Crawled caption data
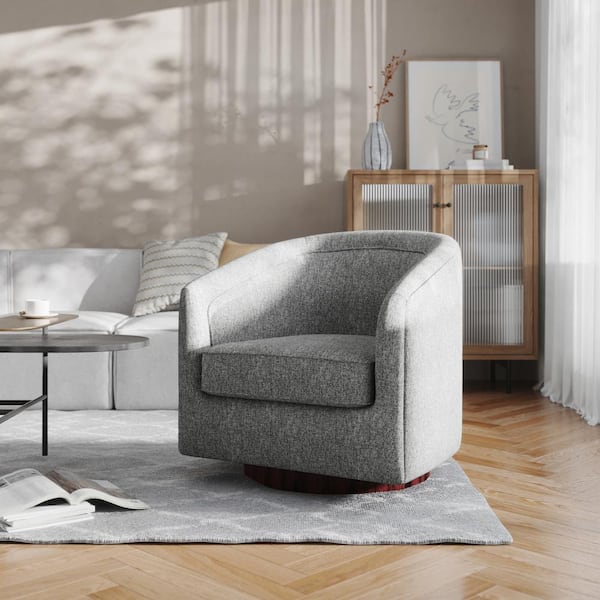 Carnegy Avenue Gray Fabric Accent Chair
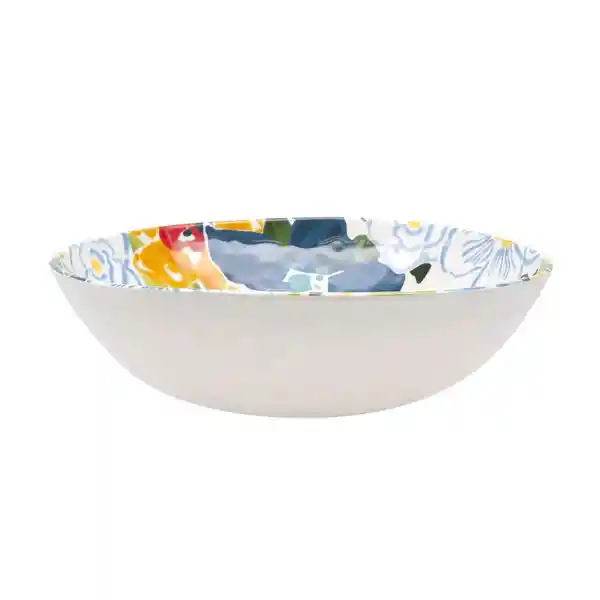 Bowl Ensalada Flor Azul Mel 30 cm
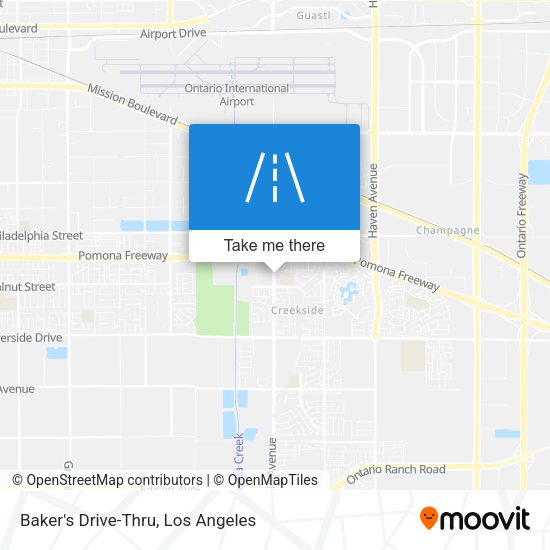 Baker's Drive-Thru map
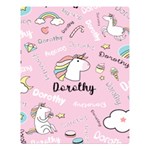 Personalized Baby Unicorn Blanket Two Sides Premium Plush Fleece Blanket (Large) 80 x60  Blanket Front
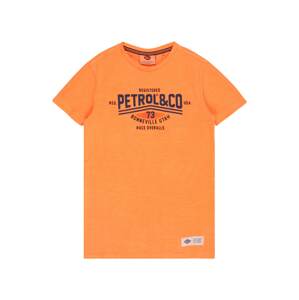 Petrol Industries Tričko  námořnická modř / oranžová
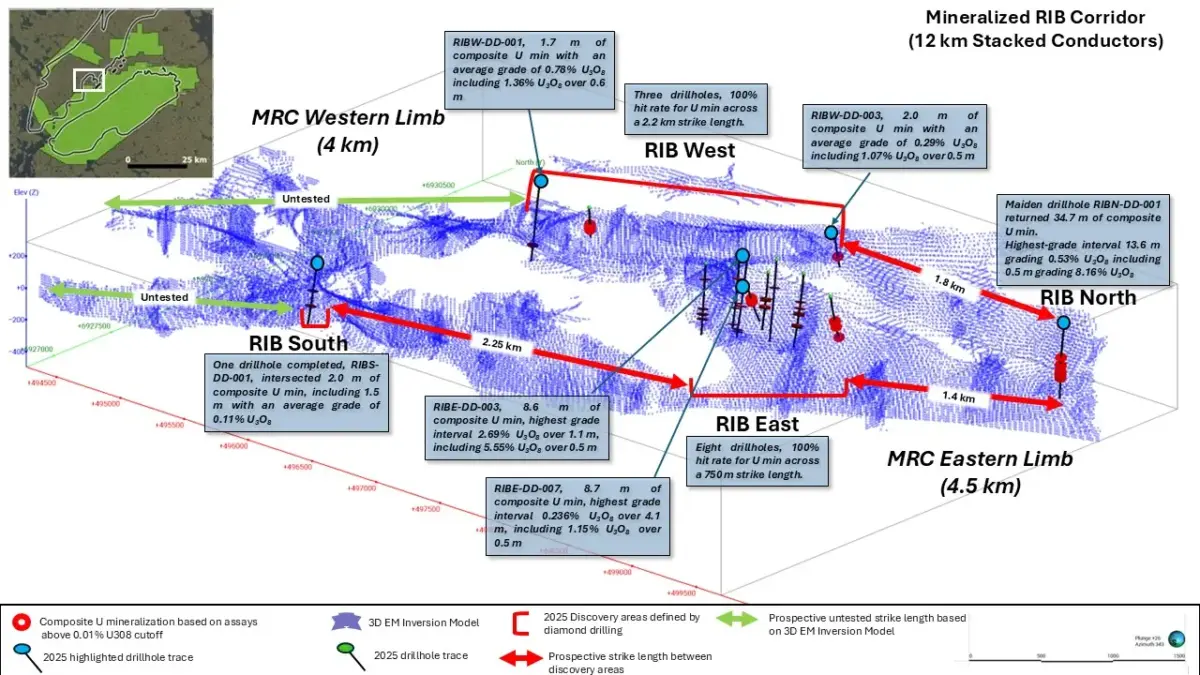Atha Energy confirma múltiples descubrimientos de alta calidad a lo largo del corredor de costillas mineralizadas en el Proyecto Angilak Atha Energy confirma múltiples descubrimientos de alta calidad a lo largo del corredor de costillas mineralizadas en el Proyecto Angilak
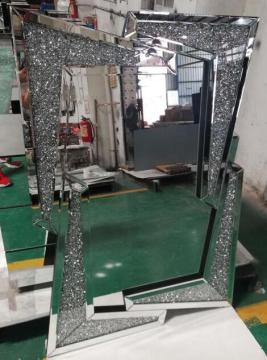 special-shaped crystal diamond sliver mirror hanging mirror
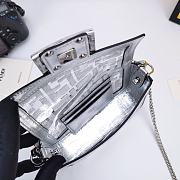 Fendi Baguette Small Bag 8BS600 Clear Silver  - 4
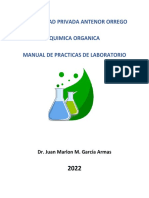 Manual de Practica de Laboratorio - Quimica Organica-2022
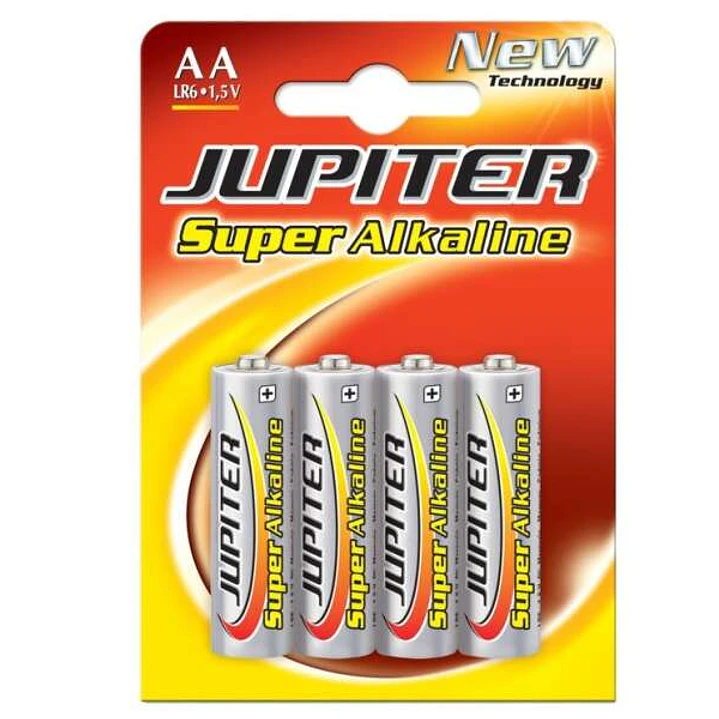 Jupiter Pack de 4 Pilas Alcalinas LR6 AA - Alta Tecnologia - Fiabilidad - Elevado Rendimiento - Maximas Prestaciones 1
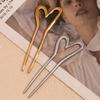 MamacitaSlay Elegante U-förmige Herz Haarnadel Wasserdicht 18K Gold Plated Titan Haar Accessoires Frau Dekoration Schmuck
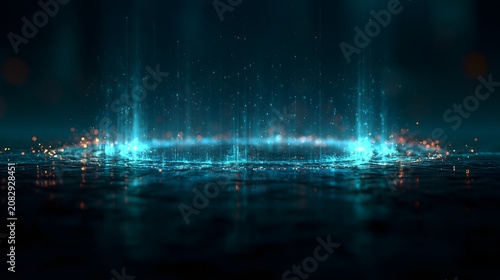 Future artificial intelligence innovation concept, holographic technology interface, digital transformation, advanced AI system, clean futuristic composition, copy space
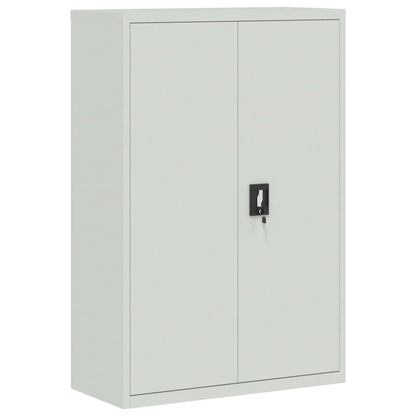 File Cabinet Light Grey 90X40X180 Cm Steel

(Problem description):
Return all of the entries exactly as written, but drop any pictures they hold.

(Your solution):
 Carnegy Avenue Gray Fabric Accent Chair
 Bowl Ensalada Flor Azul Mel 30 cm
 Baker's Drive-Thru map
 Personalized Baby Unicorn Blanket Two Sides Premium Plush Fleece Blanket (Large) 80 x60  Blanket Front
 Petrol Industries Tričko  námořnická modř / oranžová
Atha Energy confirma múltiples descubrimientos de alta calidad a lo largo del corredor de costillas mineralizadas en el Proyecto Angilak Atha Energy confirma múltiples descubrimientos de alta calidad a lo largo del corredor de costillas mineralizadas en el Proyecto Angilak
 special-shaped crystal diamond sliver mirror hanging mirror
 Fendi Baguette Small Bag 8BS600 Clear Silver  - 4
 Manual de Practica de Laboratorio - Quimica Organica-2022
 Jupiter Pack de 4 Pilas Alcalinas LR6 AA - Alta Tecnologia - Fiabilidad - Elevado Rendimiento - Maximas Prestaciones 1
 MamacitaSlay Elegante U-förmige Herz Haarnadel Wasserdicht 18K Gold Plated Titan Haar Accessoires Frau Dekoration Schmuck
 Future artificial intelligence innovation concept, holographic technology interface, digital transformation, advanced AI system, clean futuristic composition, copy space
 File Cabinet Light Grey 90X40X180 Cm Steel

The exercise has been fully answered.